A deployment is made up of a transaction service, a load balancer service, and a metadata service (with failover redundancy) and many data service instances. bigdata can provide data redundancy internally (by pipelining writes bound for a partition across primary, secondary, ... data service instances for that partition) or it can be deployed over NAS/SAN. bigdata itself is 100% Java and requires a JDK 1.6. There are additional dependencies for the installer (un*x) and for collecting performance counters from the OS (sysstat).

Architecture

The bigdata SOA defines three essential services and some additional services. The essential services are the metadata service (provides a locator service for index partitions on data services), the data service (provides read, write, and concurrency control for index partitions), and the transaction service (provides consistent timestamps for commits, facilitates the release of data associated with older commit points, read locks, and transactions). Full transactions are NOT required, so you can use bigdata as a scale-out row store. The load balancer service guides the dynamic redistribution of data across a bigdata federation.

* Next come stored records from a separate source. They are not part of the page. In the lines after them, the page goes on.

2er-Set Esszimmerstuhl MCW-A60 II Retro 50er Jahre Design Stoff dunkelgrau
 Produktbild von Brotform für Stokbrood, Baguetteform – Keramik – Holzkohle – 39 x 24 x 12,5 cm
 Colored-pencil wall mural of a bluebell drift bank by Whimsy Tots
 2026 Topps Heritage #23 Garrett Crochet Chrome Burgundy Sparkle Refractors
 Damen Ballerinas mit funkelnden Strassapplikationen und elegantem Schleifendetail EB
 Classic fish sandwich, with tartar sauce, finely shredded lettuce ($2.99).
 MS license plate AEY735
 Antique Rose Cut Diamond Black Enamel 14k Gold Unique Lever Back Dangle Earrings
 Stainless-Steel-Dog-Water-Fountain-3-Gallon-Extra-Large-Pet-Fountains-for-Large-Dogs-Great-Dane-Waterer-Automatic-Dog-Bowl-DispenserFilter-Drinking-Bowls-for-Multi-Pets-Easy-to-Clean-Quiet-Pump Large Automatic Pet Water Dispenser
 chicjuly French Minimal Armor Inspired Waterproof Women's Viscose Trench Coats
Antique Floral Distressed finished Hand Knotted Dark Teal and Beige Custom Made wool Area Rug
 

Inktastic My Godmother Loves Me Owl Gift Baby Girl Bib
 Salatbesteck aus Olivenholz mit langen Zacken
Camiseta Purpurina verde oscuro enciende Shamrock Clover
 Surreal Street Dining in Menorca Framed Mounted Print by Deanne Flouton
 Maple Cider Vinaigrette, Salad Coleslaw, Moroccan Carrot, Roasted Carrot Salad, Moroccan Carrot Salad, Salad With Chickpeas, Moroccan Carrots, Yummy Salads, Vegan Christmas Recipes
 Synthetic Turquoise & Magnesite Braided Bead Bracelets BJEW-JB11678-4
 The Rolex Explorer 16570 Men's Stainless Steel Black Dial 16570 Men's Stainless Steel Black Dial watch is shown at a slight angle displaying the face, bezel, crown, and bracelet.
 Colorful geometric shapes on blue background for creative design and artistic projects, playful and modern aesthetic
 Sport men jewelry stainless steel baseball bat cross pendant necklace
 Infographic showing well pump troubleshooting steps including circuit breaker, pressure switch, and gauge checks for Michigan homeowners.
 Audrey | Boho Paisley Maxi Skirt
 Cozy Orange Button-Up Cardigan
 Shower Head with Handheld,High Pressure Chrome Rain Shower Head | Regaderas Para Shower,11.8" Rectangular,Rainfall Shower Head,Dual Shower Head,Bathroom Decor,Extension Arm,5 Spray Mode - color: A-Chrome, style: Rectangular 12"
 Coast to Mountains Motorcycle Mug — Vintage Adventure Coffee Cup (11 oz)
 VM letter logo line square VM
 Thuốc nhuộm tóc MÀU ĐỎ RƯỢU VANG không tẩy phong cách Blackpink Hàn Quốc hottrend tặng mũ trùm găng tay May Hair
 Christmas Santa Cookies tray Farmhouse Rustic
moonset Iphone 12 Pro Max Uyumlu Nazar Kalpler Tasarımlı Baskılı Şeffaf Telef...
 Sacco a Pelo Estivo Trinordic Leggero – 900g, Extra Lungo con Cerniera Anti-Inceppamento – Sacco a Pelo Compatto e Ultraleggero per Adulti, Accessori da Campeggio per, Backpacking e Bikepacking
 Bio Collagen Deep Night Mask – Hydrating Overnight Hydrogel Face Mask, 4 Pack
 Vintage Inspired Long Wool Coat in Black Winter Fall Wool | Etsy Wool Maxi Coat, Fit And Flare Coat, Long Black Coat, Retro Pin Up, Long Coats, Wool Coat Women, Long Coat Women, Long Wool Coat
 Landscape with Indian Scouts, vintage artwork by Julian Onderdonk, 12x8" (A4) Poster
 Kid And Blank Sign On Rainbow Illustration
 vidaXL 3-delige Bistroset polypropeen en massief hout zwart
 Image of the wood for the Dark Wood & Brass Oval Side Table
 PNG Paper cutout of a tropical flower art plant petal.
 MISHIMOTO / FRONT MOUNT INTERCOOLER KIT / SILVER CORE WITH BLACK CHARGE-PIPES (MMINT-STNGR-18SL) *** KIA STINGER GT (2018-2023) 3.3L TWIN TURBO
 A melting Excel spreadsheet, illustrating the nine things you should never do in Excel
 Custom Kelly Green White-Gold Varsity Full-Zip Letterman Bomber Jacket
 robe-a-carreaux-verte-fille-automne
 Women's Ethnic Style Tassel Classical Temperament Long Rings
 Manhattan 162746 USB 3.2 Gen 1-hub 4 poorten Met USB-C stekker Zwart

There are also client services, which are containers for executing distributed jobs.

While other service fabric architectures are contemplated, bigdata services today use JINI 2. to advertise themselves and do service discovery. This means that you must be running a JINI registrar in order for services to be able to register themselves or discover other services. The JINI integration is bundled and installed automatically by default.

Zookeeper handles master election, configuration management and global synchronous locks. Zookeeper was developed by Yahoo! as a distributed lock and configuration management service and is now an Apache subproject (part of Hadoop). Among other things, it gets master election protocols right. Zookeeper is bundled and installed automatically by default.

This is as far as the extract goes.